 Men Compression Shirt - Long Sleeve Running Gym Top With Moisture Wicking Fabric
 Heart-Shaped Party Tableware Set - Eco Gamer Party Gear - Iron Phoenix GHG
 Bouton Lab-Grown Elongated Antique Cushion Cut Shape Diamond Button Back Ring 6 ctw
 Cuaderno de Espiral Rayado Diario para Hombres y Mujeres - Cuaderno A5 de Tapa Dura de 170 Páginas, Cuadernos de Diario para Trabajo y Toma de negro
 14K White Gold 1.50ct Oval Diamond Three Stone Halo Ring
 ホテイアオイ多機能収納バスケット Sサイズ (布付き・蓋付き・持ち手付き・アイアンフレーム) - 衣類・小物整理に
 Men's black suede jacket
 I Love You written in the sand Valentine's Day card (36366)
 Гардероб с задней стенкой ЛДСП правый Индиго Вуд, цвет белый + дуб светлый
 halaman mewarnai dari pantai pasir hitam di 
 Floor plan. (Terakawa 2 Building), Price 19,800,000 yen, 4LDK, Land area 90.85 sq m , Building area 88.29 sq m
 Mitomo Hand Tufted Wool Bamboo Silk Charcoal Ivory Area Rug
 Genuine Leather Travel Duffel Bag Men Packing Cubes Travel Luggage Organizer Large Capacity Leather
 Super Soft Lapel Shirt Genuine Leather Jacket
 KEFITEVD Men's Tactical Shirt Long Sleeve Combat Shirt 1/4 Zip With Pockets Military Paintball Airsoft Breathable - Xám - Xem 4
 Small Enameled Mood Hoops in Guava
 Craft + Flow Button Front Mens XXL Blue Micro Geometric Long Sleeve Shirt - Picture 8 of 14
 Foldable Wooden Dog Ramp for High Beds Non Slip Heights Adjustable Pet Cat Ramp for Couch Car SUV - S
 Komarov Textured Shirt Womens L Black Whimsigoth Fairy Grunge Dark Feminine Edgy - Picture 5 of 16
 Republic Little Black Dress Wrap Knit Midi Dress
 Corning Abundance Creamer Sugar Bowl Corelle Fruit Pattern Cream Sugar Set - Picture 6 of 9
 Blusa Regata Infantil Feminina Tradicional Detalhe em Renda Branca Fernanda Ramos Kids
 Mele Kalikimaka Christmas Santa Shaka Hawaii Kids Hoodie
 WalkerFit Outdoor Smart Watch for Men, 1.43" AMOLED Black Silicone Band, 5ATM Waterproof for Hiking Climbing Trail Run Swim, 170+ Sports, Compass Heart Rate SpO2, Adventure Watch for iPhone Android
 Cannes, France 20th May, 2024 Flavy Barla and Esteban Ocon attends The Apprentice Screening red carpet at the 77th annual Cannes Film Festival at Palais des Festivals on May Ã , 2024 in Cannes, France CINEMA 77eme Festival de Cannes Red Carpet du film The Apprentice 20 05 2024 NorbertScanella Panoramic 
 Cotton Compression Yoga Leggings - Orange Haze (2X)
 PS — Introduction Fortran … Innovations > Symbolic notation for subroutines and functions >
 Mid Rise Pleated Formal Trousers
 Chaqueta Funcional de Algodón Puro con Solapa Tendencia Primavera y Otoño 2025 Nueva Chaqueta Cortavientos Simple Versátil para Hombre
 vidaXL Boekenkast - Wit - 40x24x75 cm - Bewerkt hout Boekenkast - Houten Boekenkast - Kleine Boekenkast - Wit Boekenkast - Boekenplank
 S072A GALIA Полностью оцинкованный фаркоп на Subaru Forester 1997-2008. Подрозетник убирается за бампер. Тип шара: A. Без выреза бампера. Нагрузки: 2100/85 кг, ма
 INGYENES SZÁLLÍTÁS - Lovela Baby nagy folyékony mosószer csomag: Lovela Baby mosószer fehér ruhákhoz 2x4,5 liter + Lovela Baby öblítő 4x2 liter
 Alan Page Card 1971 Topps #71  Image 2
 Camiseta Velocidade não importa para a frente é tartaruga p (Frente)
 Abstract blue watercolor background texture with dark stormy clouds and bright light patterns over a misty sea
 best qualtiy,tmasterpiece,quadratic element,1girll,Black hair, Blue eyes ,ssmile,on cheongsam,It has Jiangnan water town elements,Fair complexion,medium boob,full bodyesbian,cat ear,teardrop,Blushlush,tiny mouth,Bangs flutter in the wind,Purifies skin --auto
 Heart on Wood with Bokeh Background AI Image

WHAT IS EXPECTED
Retype each line above exactly as written.

ANSWER TO THIS EXERCISE
 Men Compression Shirt - Long Sleeve Running Gym Top With Moisture Wicking Fabric
 Heart-Shaped Party Tableware Set - Eco Gamer Party Gear - Iron Phoenix GHG
 Bouton Lab-Grown Elongated Antique Cushion Cut Shape Diamond Button Back Ring 6 ctw
 Cuaderno de Espiral Rayado Diario para Hombres y Mujeres - Cuaderno A5 de Tapa Dura de 170 Páginas, Cuadernos de Diario para Trabajo y Toma de negro
 14K White Gold 1.50ct Oval Diamond Three Stone Halo Ring
 ホテイアオイ多機能収納バスケット Sサイズ (布付き・蓋付き・持ち手付き・アイアンフレーム) - 衣類・小物整理に
 Men's black suede jacket
 I Love You written in the sand Valentine's Day card (36366)
 Гардероб с задней стенкой ЛДСП правый Индиго Вуд, цвет белый + дуб светлый
 halaman mewarnai dari pantai pasir hitam di 
 Floor plan. (Terakawa 2 Building), Price 19,800,000 yen, 4LDK, Land area 90.85 sq m , Building area 88.29 sq m
 Mitomo Hand Tufted Wool Bamboo Silk Charcoal Ivory Area Rug
 Genuine Leather Travel Duffel Bag Men Packing Cubes Travel Luggage Organizer Large Capacity Leather
 Super Soft Lapel Shirt Genuine Leather Jacket
 KEFITEVD Men's Tactical Shirt Long Sleeve Combat Shirt 1/4 Zip With Pockets Military Paintball Airsoft Breathable - Xám - Xem 4
 Small Enameled Mood Hoops in Guava
 Craft + Flow Button Front Mens XXL Blue Micro Geometric Long Sleeve Shirt - Picture 8 of 14
 Foldable Wooden Dog Ramp for High Beds Non Slip Heights Adjustable Pet Cat Ramp for Couch Car SUV - S
 Komarov Textured Shirt Womens L Black Whimsigoth Fairy Grunge Dark Feminine Edgy - Picture 5 of 16
 Republic Little Black Dress Wrap Knit Midi Dress
 Corning Abundance Creamer Sugar Bowl Corelle Fruit Pattern Cream Sugar Set - Picture 6 of 9
 Blusa Regata Infantil Feminina Tradicional Detalhe em Renda Branca Fernanda Ramos Kids
 Mele Kalikimaka Christmas Santa Shaka Hawaii Kids Hoodie
 WalkerFit Outdoor Smart Watch for Men, 1.43" AMOLED Black Silicone Band, 5ATM Waterproof for Hiking Climbing Trail Run Swim, 170+ Sports, Compass Heart Rate SpO2, Adventure Watch for iPhone Android
 Cannes, France 20th May, 2024 Flavy Barla and Esteban Ocon attends The Apprentice Screening red carpet at the 77th annual Cannes Film Festival at Palais des Festivals on May Ã , 2024 in Cannes, France CINEMA 77eme Festival de Cannes Red Carpet du film The Apprentice 20 05 2024 NorbertScanella Panoramic 
 Cotton Compression Yoga Leggings - Orange Haze (2X)
 PS — Introduction Fortran … Innovations > Symbolic notation for subroutines and functions >
 Mid Rise Pleated Formal Trousers
 Chaqueta Funcional de Algodón Puro con Solapa Tendencia Primavera y Otoño 2025 Nueva Chaqueta Cortavientos Simple Versátil para Hombre
 vidaXL Boekenkast - Wit - 40x24x75 cm - Bewerkt hout Boekenkast - Houten Boekenkast - Kleine Boekenkast - Wit Boekenkast - Boekenplank
 S072A GALIA Полностью оцинкованный фаркоп на Subaru Forester 1997-2008. Подрозетник убирается за бампер. Тип шара: A. Без выреза бампера. Нагрузки: 2100/85 кг, ма
 INGYENES SZÁLLÍTÁS - Lovela Baby nagy folyékony mosószer csomag: Lovela Baby mosószer fehér ruhákhoz 2x4,5 liter + Lovela Baby öblítő 4x2 liter
 Alan Page Card 1971 Topps #71  Image 2
 Camiseta Velocidade não importa para a frente é tartaruga p (Frente)
 Abstract blue watercolor background texture with dark stormy clouds and bright light patterns over a misty sea
 best qualtiy,tmasterpiece,quadratic element,1girll,Black hair, Blue eyes ,ssmile,on cheongsam,It has Jiangnan water town elements,Fair complexion,medium boob,full bodyesbian,cat ear,teardrop,Blushlush,tiny mouth,Bangs flutter in the wind,Purifies skin --auto
 Heart on Wood with Bokeh Background AI Image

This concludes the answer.